The film was nominated for four Academy Awards, with Jackson winning the Academy Award for Best Actress for her role, and the film receiving other honours.

==Plot==
The film takes place in 1920, in the Midlands mining town of Beldover. Two sisters, Ursula and Gudrun Brangwen, discuss marriage on their way to the wedding of Laura Crich, daughter of the town's wealthy mine owner, Thomas Crich, to Tibby Lupton, a naval officer. At the village's church, each sister is fascinated by a particular member of the wedding party – Gudrun by Laura's brother, Gerald, and Ursula by Gerald's best friend, Rupert Birkin. Ursula is a school teacher and Rupert is a school inspector; she remembers his visit to her classroom, interrupting her botany lesson to discourse on the sexual nature of the catkin.

The four are later brought together at a house party at the estate of Hermione Roddice, a rich woman whose relationship with Rupert is falling apart. When Hermione devises, as entertainment for her guests, a dance in the "style of the Russian ballet", Rupert becomes impatient with her pretensions and tells the pianist to play some ragtime. This sets off spontaneous dancing among the whole group which angers Hermione and makes her leave. When Rupert follows her into the next room, she smashes a glass paperweight against his head, and he staggers outside. He discards his clothes and wanders through the woods. Later, at the Criches' annual picnic, to which most of the town is invited, Ursula and Gudrun find a secluded spot, and Gudrun dances before some Highland cattle while Ursula sings "I'm Forever Blowing Bubbles". When Gerald and Rupert appear, Gerald calls Gudrun's behaviour "impossible and ridiculous", and then says he loves her. "That's one way of putting it", she replies. Ursula and Rupert wander away discussing death and love. They make love in the woods. The day ends in tragedy when Laura and Tibby drown while swimming in the lake.

During one of Gerald and Rupert's discussions, Rupert suggests Japanese-style wrestling. They strip and wrestle in the firelight. Rupert enjoys their closeness and says they should swear to love each other, but Gerald cannot understand Rupert's idea of wanting to have an emotional union with a man as well as an emotional and physical union with a woman. Ursula and Rupert decide to marry while Gudrun and Gerald continue to see each other. One evening, emotionally exhausted after his father's illness and death, Gerald sneaks into the Brangwen house to spend the night with Gudrun in her bed, then leaves at dawn.

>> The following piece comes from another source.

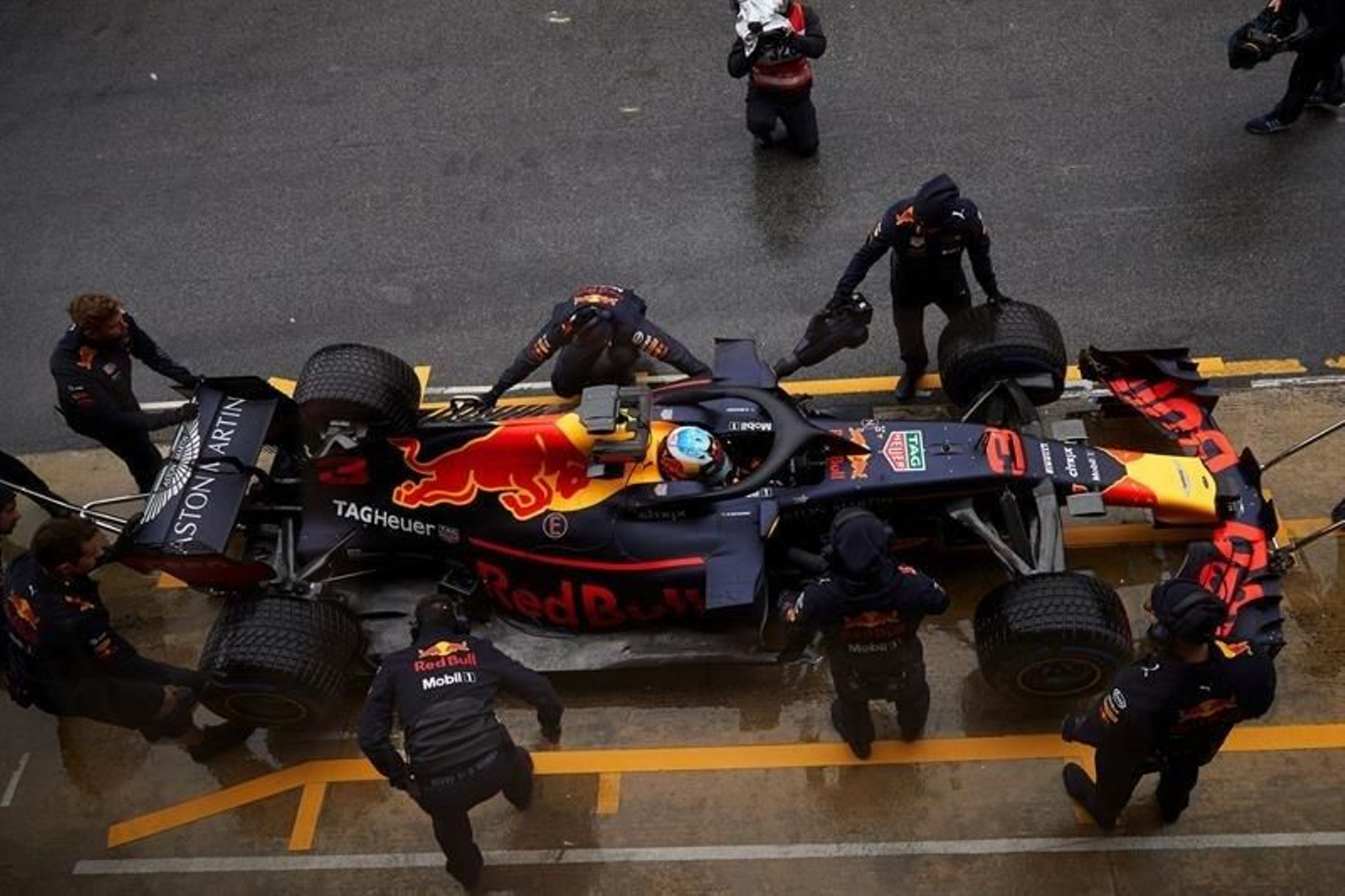 El piloto australiano de Fórmula 1, Daniel Ricciardo, del equipo Red Bull, durante la tercera sesión de entrenamientos libres realizados hoy en el Circuito de Cataluña en Montmeló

Later, after Ursula and Rupert's marriage, Gerald suggests that the four of them go to the Alps for Christmas. At their inn in the Alps, Gudrun irritates Gerald with her interest in Loerke, a gay German sculptor. An artist herself, Gudrun is fascinated with Loerke's idea that brutality is necessary to create art. While Gerald grows increasingly jealous and angry, Gudrun only derides and ridicules him. Finally, he can endure it no longer. After attempting to strangle her, he trudges off into the cold, to commit suicide and die alone. Rupert and Ursula return to their cottage in England. Rupert grieves for his dead friend. As Ursula and Rupert discuss love, Ursula says there can't be two kinds of love. He explains that she is enough for love of a woman but there is another eternal love and bond for a man.

==Production==
===Development===
Larry Kramer was an American who moved to London in 1961 to work as an assistant story editor at Columbia and had become an assistant to David Picker at United Artists. United Artists wanted Kramer to move to New York but he wanted to live in London and produce, so he quit his job. He went to work on 1967's Here We Go Round the Mulberry Bush as producer and ended up rewriting the script.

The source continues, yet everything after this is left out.